== What to do ==
Below is a listing; retype exactly the lines between the one containing "Light Switch Covers" and the one containing "Elegant Black and Blue Floral Dress", inclusive, minus the pictures.
━━ Input data ━━
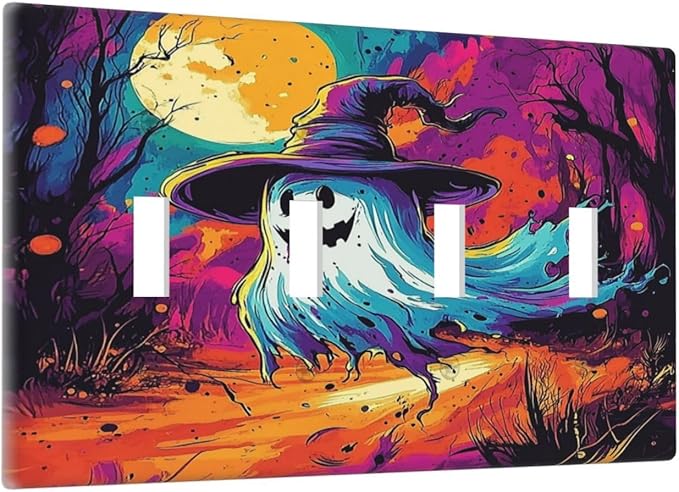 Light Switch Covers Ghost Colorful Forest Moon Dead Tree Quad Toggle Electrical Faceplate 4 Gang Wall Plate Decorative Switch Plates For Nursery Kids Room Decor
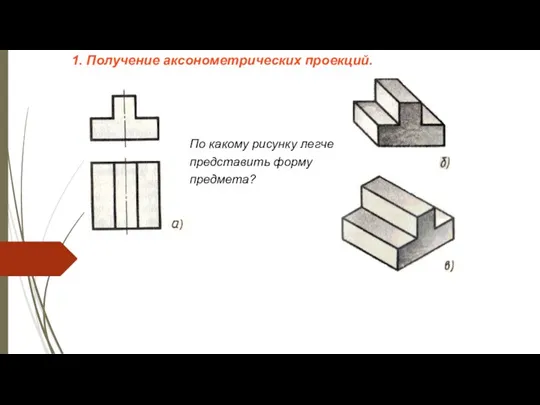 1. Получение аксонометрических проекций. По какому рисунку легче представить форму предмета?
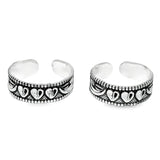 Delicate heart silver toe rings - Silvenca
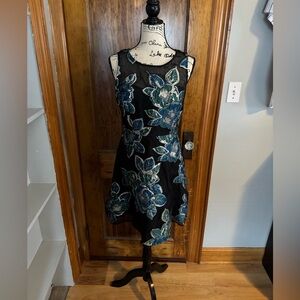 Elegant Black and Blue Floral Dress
━━━
━━ Input data ━━
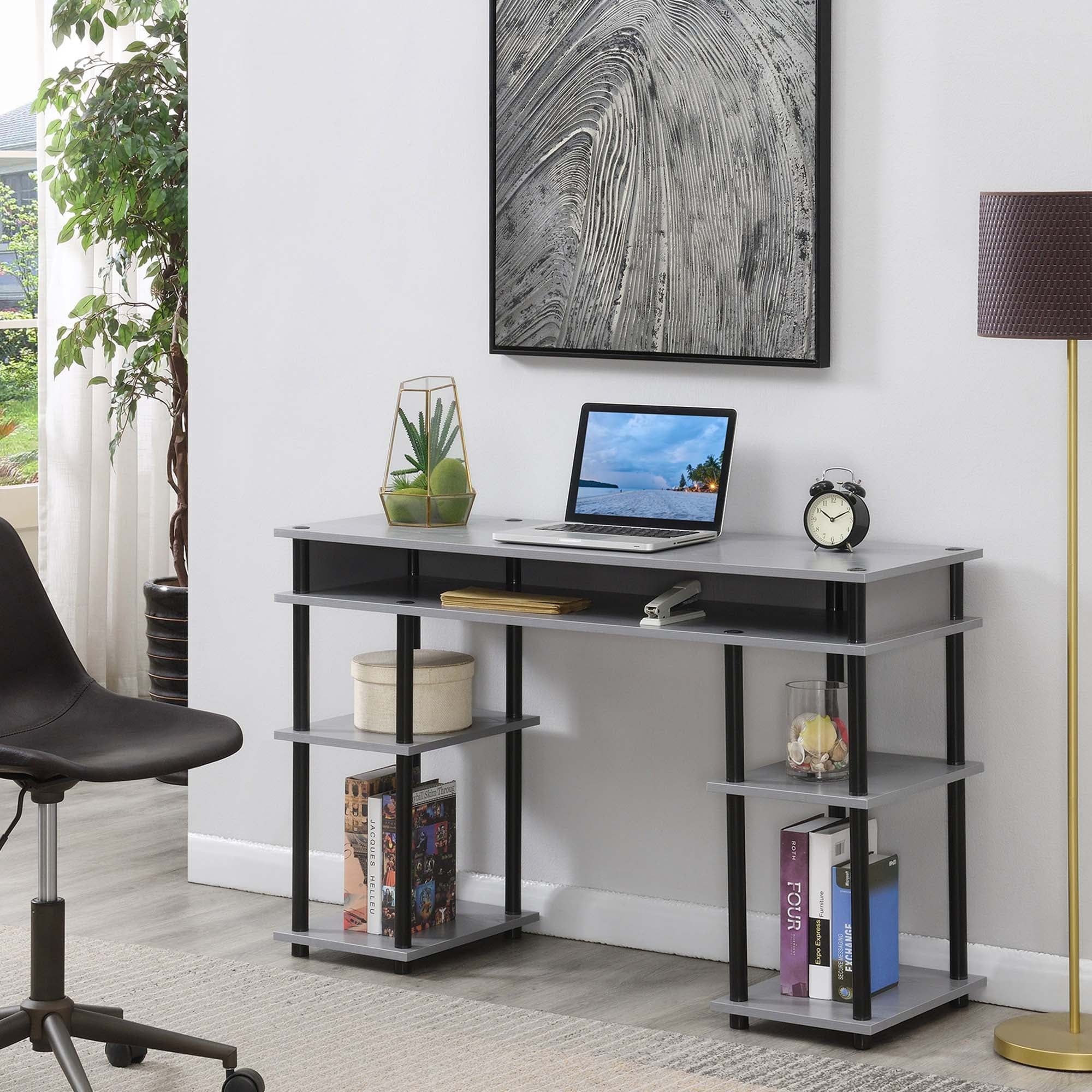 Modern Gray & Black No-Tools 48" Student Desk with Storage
━━━
== Your solution ==
 Light Switch Covers Ghost Colorful Forest Moon Dead Tree Quad Toggle Electrical Faceplate 4 Gang Wall Plate Decorative Switch Plates For Nursery Kids Room Decor
 1. Получение аксонометрических проекций. По какому рисунку легче представить форму предмета?
 Delicate heart silver toe rings - Silvenca
 Elegant Black and Blue Floral Dress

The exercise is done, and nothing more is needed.